ASSIGNED TASK
From the first line to the last, repeat the data exactly but leave out the pictures.

SUPPLIED MATERIAL
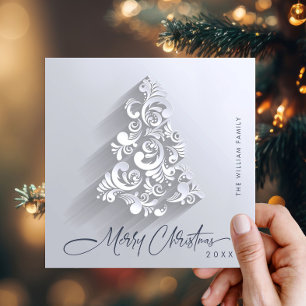 3D Ornamento moderno Árbol de Navidad Saludo Simpl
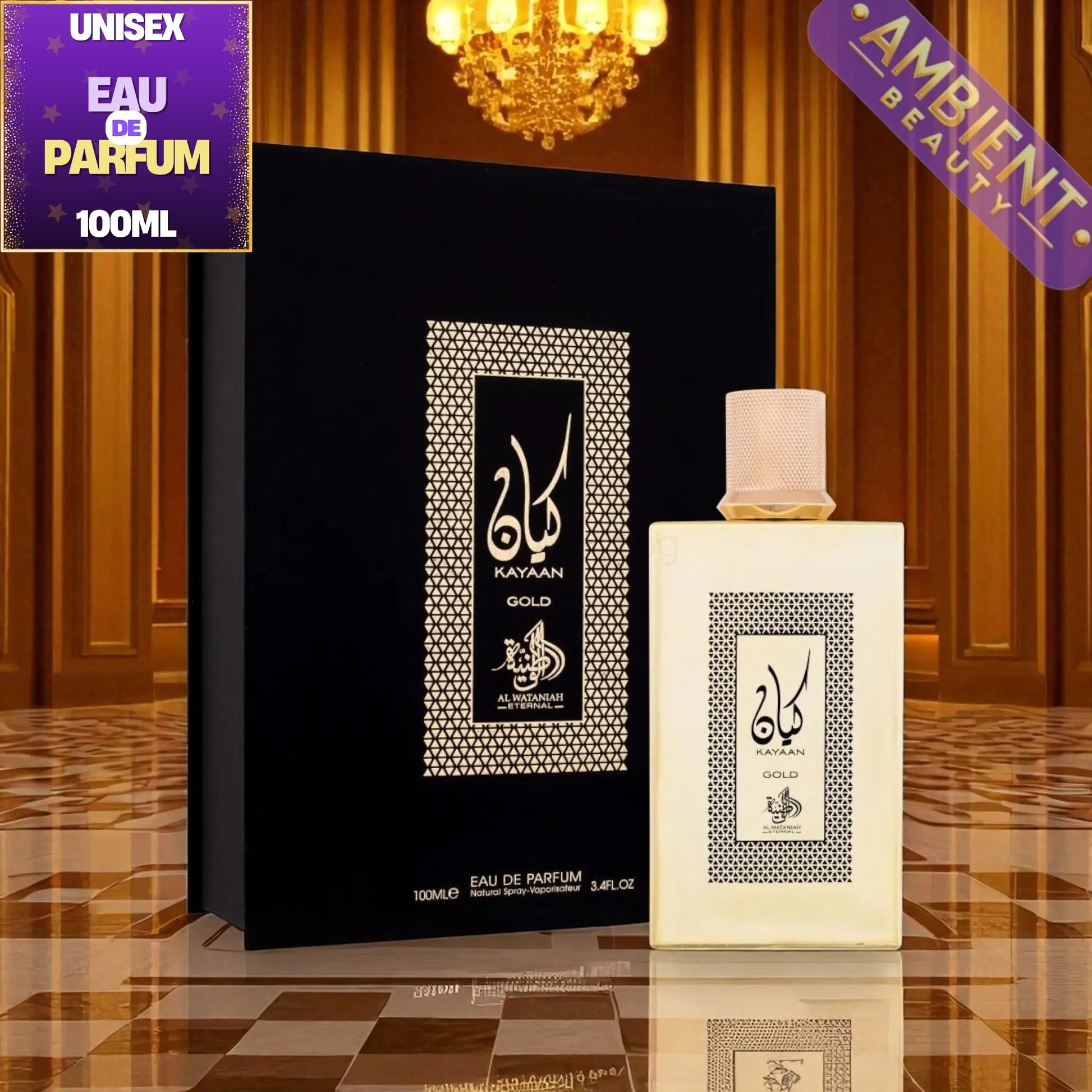 A bottle of Kayaan Gold Eau de Parfum next to its black presentation box, displayed on a polished checkered floor with a warm, luxurious interior background. The bottle is white with a gold and black label, and the box is black with a silver patterned label.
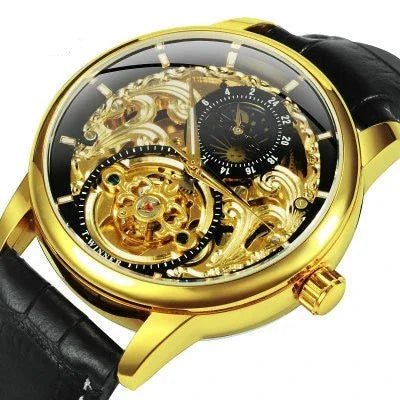 Carved Hollow Automatic Mechanical Watch - Show Gadgets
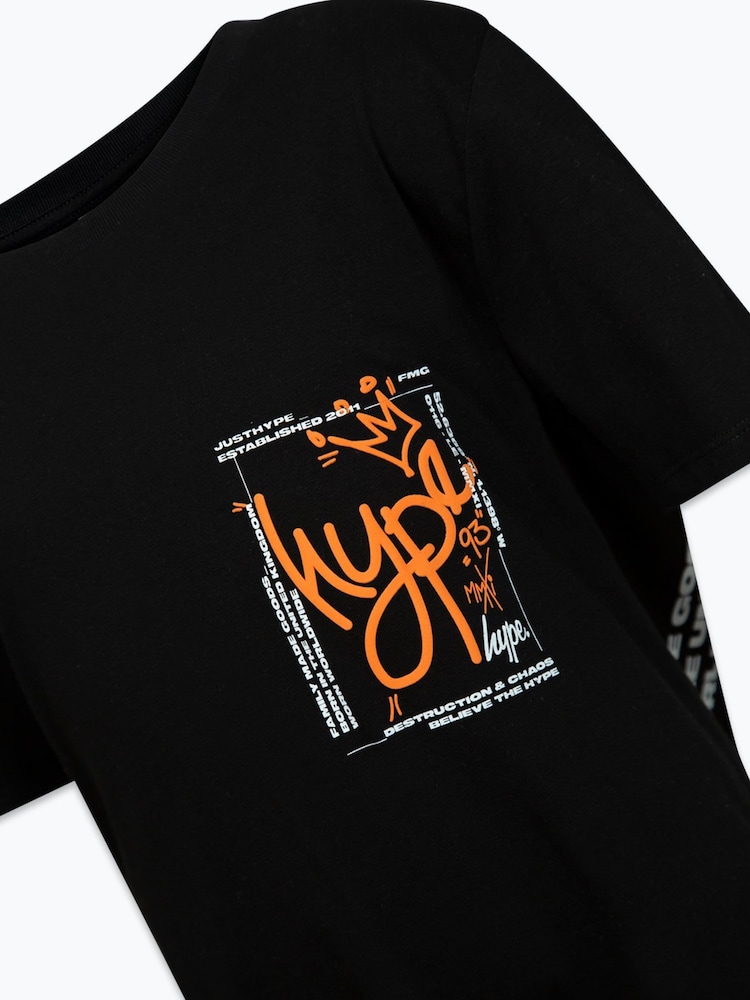 Hype. Boys Multi Dust Explosion 100% Cotton Black Swim T-Shirt - Image 3 of 4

ANSWER FOR THE TASK
 3D Ornamento moderno Árbol de Navidad Saludo Simpl
 A bottle of Kayaan Gold Eau de Parfum next to its black presentation box, displayed on a polished checkered floor with a warm, luxurious interior background. The bottle is white with a gold and black label, and the box is black with a silver patterned label.
 Carved Hollow Automatic Mechanical Watch - Show Gadgets
 Hype. Boys Multi Dust Explosion 100% Cotton Black Swim T-Shirt - Image 3 of 4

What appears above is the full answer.